According to analysts of Fitch Solutions, global annual hydrogen demand is forecast to increase from about 80 million tonnes in 2021 to 100 million tonnes by 2030. The green hydrogen sector could produce about 10 million tonnes per year by 2030 - up from the current 0.1 percent hydrogen market share.
The portfolio of green hydrogen projects reached 71 GW in February although there were no projects in the 2019-20 period and increased in the second quarter to 121GW, including 136 projects in the planning and development phase. The average investment is about 4.5 billion USD.
Global growth is being driven by Western Europe and Asia-Pacific, with these regions accounting for 82 percent of the above-mentioned green hydrogen projects. This is due to increasingly strict emissions regulations, the strong development of renewable energy with low electricity prices and "ambitious" decarbonisation targets.
Reaching the economic target of zero greenhouse emissions by the middle of this century will likely require the use of about 500 to 800 million tonnes of green hydrogen per year, a 5-7 times increase from today. By 2050, green hydrogen (and its derivatives) can account for 15-20 percent of the final energy demand, according to the Energy Transition Committee.

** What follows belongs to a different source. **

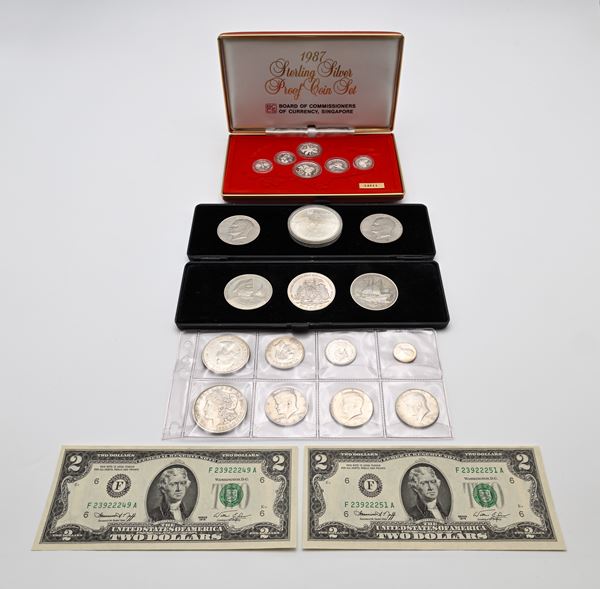 Lotto di monete, banconote e medaglie estere: U.S.A., Canada, Russia, Singapore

There are two factors that greatly affect the cost of producing green hydrogen, including the cost of input electricity, accounting for up to 80 percent and the cost of storage and transportation. Vietnam has world-class wind and solar power potential according to the figures outlined in the Draft Power Plan VIII, especially offshore wind power up to 475GW.
The country is located on international maritime routes with many seaports. These are favourable factors to attract foreign investment to develop offshore wind power projects and green hydrogen projects, exporting to potential markets such as Japan, the Republic of Korea and EU countries.

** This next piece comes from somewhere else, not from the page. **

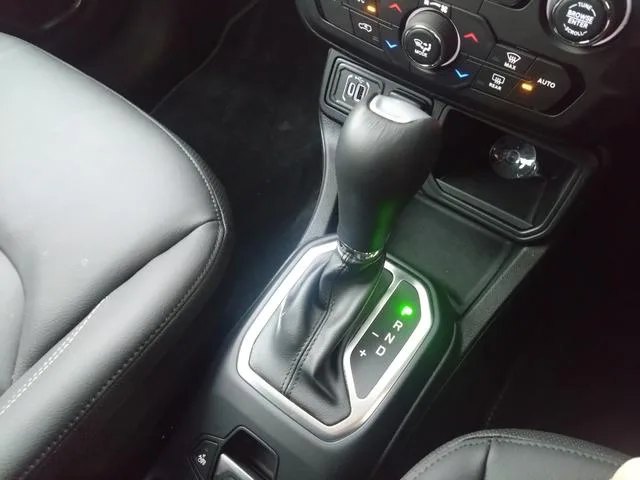 Chrysler Jeep JEEP RENEGADE ALTITUDE E-HYBRID 2025 — миниатюра 5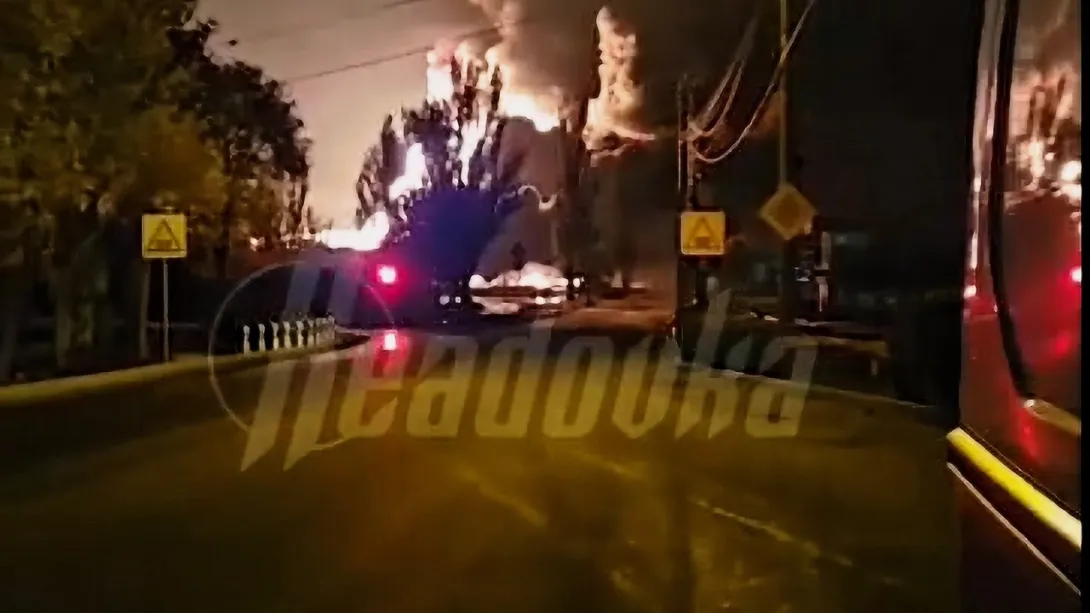 Взрыв на заводе в Стерлитамаке был виден издалека
Фото:
скриншот видео Readovka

The combination of offshore wind power projects with green hydrogen also reduces the investment burden of the domestic transmission grid and maintains the system’s stability through electricity storage by green hydrogen batteries, solving the challenges of electricity generation. The current guidelines set out in the Draft Power Master Plan VIII promote the development of renewable energy in particular and industries in general in a green and sustainable direction.
Resolution 55-NQ/TW dated February 11, 2020 of the Politburo has set the task of “Performing technological research, developing a number of pilot projects for production and encouraging the use of hydrogen energy appropriately with the general trend of the world”. The draft power plan VIII needs to be supplemented with goals and a roadmap for the development of offshore wind power with green hydrogen.
Currently, Vietnam has a number of investors interested in developing hydrogen, including Enterprize Energy Group (EE-UK) has proposed to the Government and the MoIT to combine the development of Thang Long offshore wind power project (in Binh Thuan province) with green hydrogen production.
Ian Hatton, the group’s chairman, said: “With the results of the survey, wind measurement for more than 12 consecutive months and the geology of the seabed off the coast of Binh Thuan province that EE Group has obtained, the use of wind turbines with large capacity to produce electricity combined with hydrogen through the seawater electrolysed system is very potential. Vietnam can fully use wind energy towards this goal, meeting domestic demand and exports.”